TASK BRIEF:
Please write out only the lines from the line with "DeLorme Atlas and Gazetteer Paperback Map" to the line with "2022 Topps #T87-80", inclusive, exactly as they stand below, without the pictures.

DATASET ENTRIES:
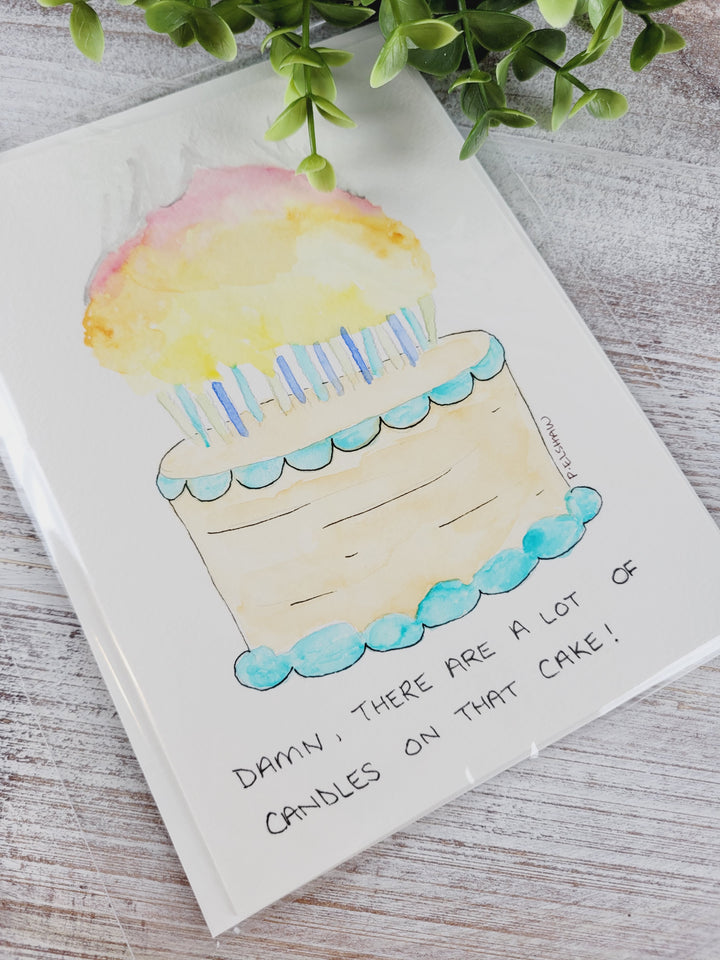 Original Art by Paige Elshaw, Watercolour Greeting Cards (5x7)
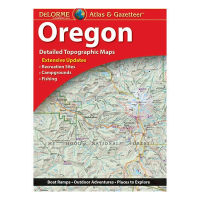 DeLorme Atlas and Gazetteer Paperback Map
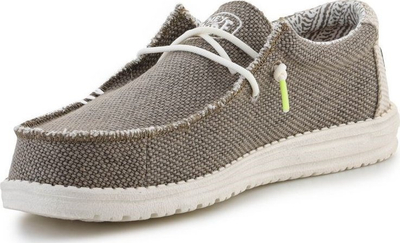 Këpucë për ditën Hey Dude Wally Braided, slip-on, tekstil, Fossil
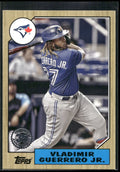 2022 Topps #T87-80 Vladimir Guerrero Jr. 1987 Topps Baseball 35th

==

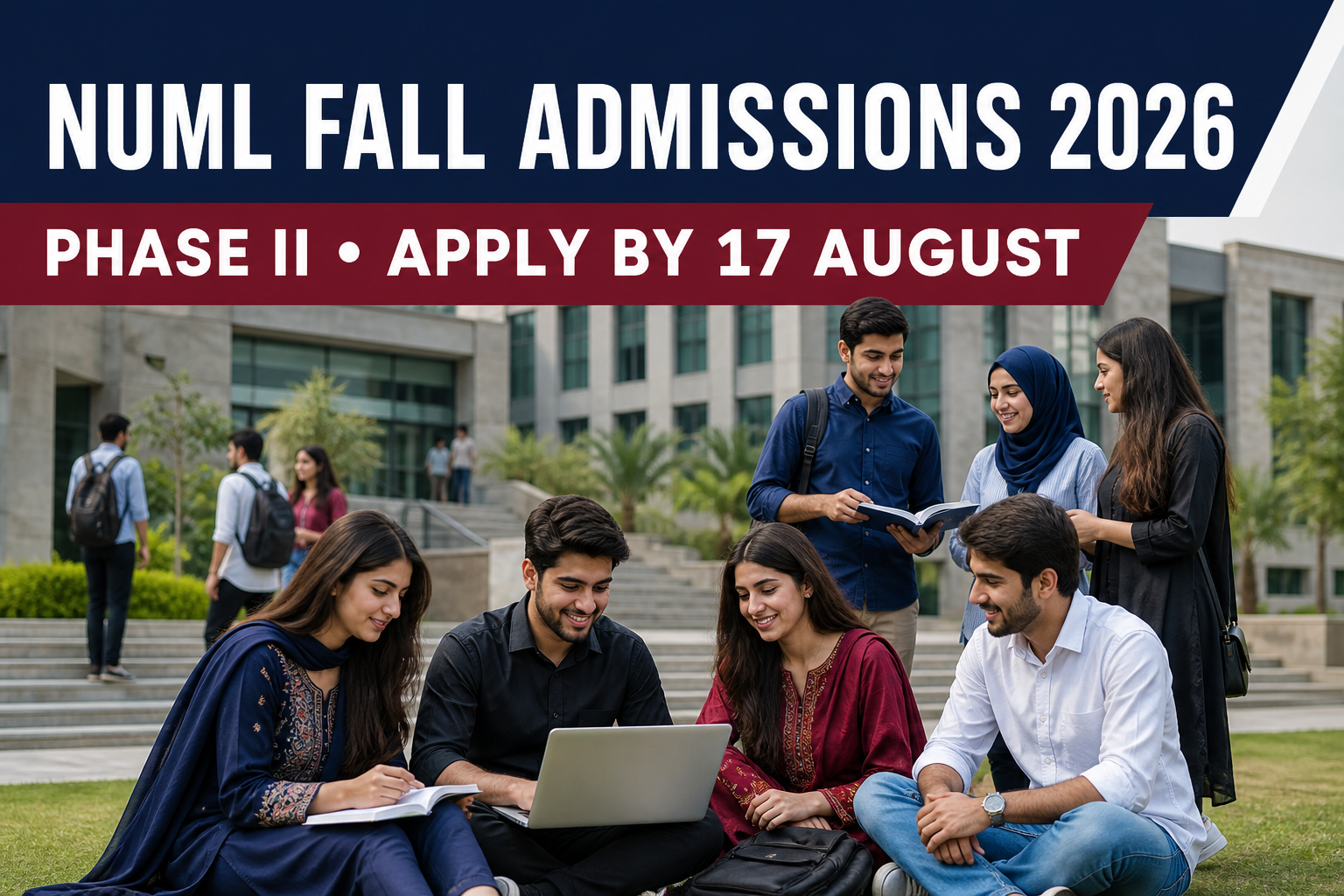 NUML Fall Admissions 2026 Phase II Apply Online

RESPONSE TO THE TASK:
 DeLorme Atlas and Gazetteer Paperback Map
 Këpucë për ditën Hey Dude Wally Braided, slip-on, tekstil, Fossil
 2022 Topps #T87-80 Vladimir Guerrero Jr. 1987 Topps Baseball 35th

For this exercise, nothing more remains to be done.